How, then, may it be dealt with? How can the true concept of the Negro, as a human being, as a citizen, as a member of Christ's Church, be built up in place of the erroneous ideas which not infrequently prevail?
The answer to this question is simple and obvious and contains no special magic or expert formula. False ideas are best met by true ideas, and the true idea of our fellow man is most effectively produced by the same methods with which the true idea of Christ Himself is implanted in the minds of men: through teaching and personal example.
The personal example of the Negroes themselves is, of course, an indispensable factor in creating a correct picture of the Negro's capacity for citizenship. In proportion as large numbers of Negroes respond to the efforts that are made for their education, for their spiritual welfare, for their social betterment, in the same proportion will certain misconceptions be cleared up in the minds of the white group, and this clearing up will, in turn, react favorably upon the Negro. Intelligent and sympa&notthetic white men, such as are found in every part of the United States without exception, will draw hopeful conclusions from what they have seen of the race's progress and from individual Negroes with whom they have conversed.

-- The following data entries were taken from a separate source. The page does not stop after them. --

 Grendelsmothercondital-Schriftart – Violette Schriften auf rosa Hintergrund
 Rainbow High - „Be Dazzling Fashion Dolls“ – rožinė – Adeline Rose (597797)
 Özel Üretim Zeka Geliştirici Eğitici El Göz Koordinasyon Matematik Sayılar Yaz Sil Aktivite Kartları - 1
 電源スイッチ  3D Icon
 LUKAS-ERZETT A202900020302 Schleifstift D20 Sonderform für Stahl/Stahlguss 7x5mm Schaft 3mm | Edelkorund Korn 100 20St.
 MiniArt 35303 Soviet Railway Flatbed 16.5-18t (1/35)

But to trust to the race's progress solely and automatically to remove the fatal misconceptions that often prevent and continually hamper and jeopardize that progress itself is a woefully short-sighted procedure. Bitter experience of educators and other friends of the Negro has demonstrated how shortsighted it is the same experience has taught-what common sense would show from the beginning-that no matter how much is done to better and aid the Negro, no matter how good an "exhibit" he may make of himself, it is absolutely necessary also to do a vast amount of direct and positive teaching in this matter. In other words, the race situation in the United States imposes a distinct educational task upon Catholic Action: the education of the public, particularly the Catholic public, in the true idea of man and the true idea of the Negro, to counteract the false ideas of man and the false ideas of the Negro which are at the root of the Negro's principal disabilities.

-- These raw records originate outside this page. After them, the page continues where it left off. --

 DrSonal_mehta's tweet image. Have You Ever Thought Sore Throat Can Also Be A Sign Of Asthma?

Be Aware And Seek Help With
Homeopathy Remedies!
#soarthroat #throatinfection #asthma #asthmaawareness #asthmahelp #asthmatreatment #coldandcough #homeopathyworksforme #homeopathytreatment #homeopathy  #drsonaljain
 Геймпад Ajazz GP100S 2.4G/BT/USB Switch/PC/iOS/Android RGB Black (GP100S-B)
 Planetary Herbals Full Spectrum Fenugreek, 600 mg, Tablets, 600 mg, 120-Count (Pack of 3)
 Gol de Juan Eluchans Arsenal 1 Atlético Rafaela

The public needs to be "shown" in this matter. There is a healthy skepticism quite as much as an unhealthy one. But the skepticism should inspire better organization and more concerted effort it should not lead to timidity and defeatism.
This educational task is the specific work of the Catholic program for interracial justice. It is not a mere negative procedure not the mere refutation of falsehoods or condemnations of injustice. It is a positive, constructive work, which encourages all that is good, all that is being done for the Negro's good in any line in any part of the nation, by any agency or institution.
This work cannot be undertaken by the white man alone nor by the Negro alone. It can be carried out effectively only by cooperation of the most intelligent and spiritual minded in both races. If all the talking on behalf of the Negro is left to the white man, the question naturally arises, why cannot the Negro speak for himself, since he can best describe his own condition and his own state of mind. On the other hand, the Negro left entirely to himself fails to get an audience, no matter how convincingly and eloquently he has prepared his case. He finds. himself talking only to other Negroes or to a few white sympathizers. The only logical course is for the two groups to collaborate in an intelligent and well articulated method of demonstrating to the public those truths which are not the Negro's concern alone, but the common interest of all. The task is long and laborious, but bears manifold fruits as it is carried out. In a later article I hope to show some of these fruits.